Traffic Resumes Despite Tensions
Despite Thursday's strike and Iran's warnings, marine traffic continued moving through the strait on Friday. At least 37 vessels transited or were in the process of transiting since the attack, with 20 of those ships taking the southern route close to Oman's coast rather than the Iranian-designated northern passage.
The resumption of traffic reflected cautious optimism about the U.S.-Iran memorandum of understanding signed last week. That agreement obligated Iran to arrange "safe passage of commercial vessels with no charge for 60 days only from the Persian Gulf to the Sea of Oman and vice versa." With shipping picking back up, global oil prices fell sharply. Brent crude dropped 3.8 percent to $73.87 a barrel, trading below the roughly $73 level it reached before the war began.
Unresolved Disputes Over Tolls and Control
The U.S. and Iran remain at odds over whether Iran can impose tolls on vessels after the 60-day window expires. Iran has not ruled out seeking fees, while the Trump administration has rejected the idea as a violation of international law. Oman's Foreign Minister Sayyid Badr bin Hamad Al Busaidi said Thursday that "future arrangements concerning the Strait of Hormuz will not involve imposing any transit fees," and his ministry announced that Oman and Iran were creating a joint mechanism to regulate traffic through the strait.
The Gulf Cooperation Council, representing six major energy producers reliant on the strait for exports, issued a joint statement emphasizing that "free, unconditional, and unrestricted navigation, including the right of transit passage as guaranteed under international law, remains essential to regional and global security." The council also stressed the need to address "the full spectrum of Iran's threats, including its ballistic missiles, drones, and support of proxies in the region."
Broader Peace Negotiations at Risk
The strike on Ever Lovely came as broader negotiations over a permanent settlement remained fragile. The U.S. and Iran have 60 days under the memorandum of understanding to hammer out final terms, but disagreements persist on multiple fronts. A senior U.S. official said negotiations have been hampered by the first point in the signed document, which calls for fighting to stop in Lebanon and requires ensuring "the territorial integrity and sovereignty of Lebanon." Iran has insisted that Israeli forces must withdraw from southern Lebanon as a condition for a final deal, a demand Israel has rejected.

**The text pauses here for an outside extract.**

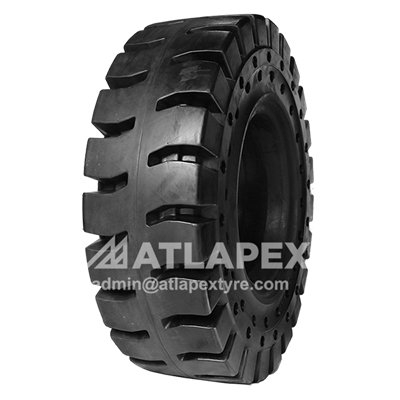 Solid 23.5-25 Tire with AP-TORKY pattern for loader use in tough working condition.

Hezbollah, the Iranian-backed militant group, reiterated its refusal to disarm. General Secretary Naim Qassem said Friday that Israel must "withdraw completely" and "unconditionally" from Lebanon, and that "no agreement that compromises Lebanon's sovereignty will be accepted." He claimed the U.S.-Iran deal amounted to "an official acknowledgment of the defeat of the United States and Israel," though the Trump administration has characterized it as a temporary ceasefire aimed at preventing nuclear weapons development in Iran.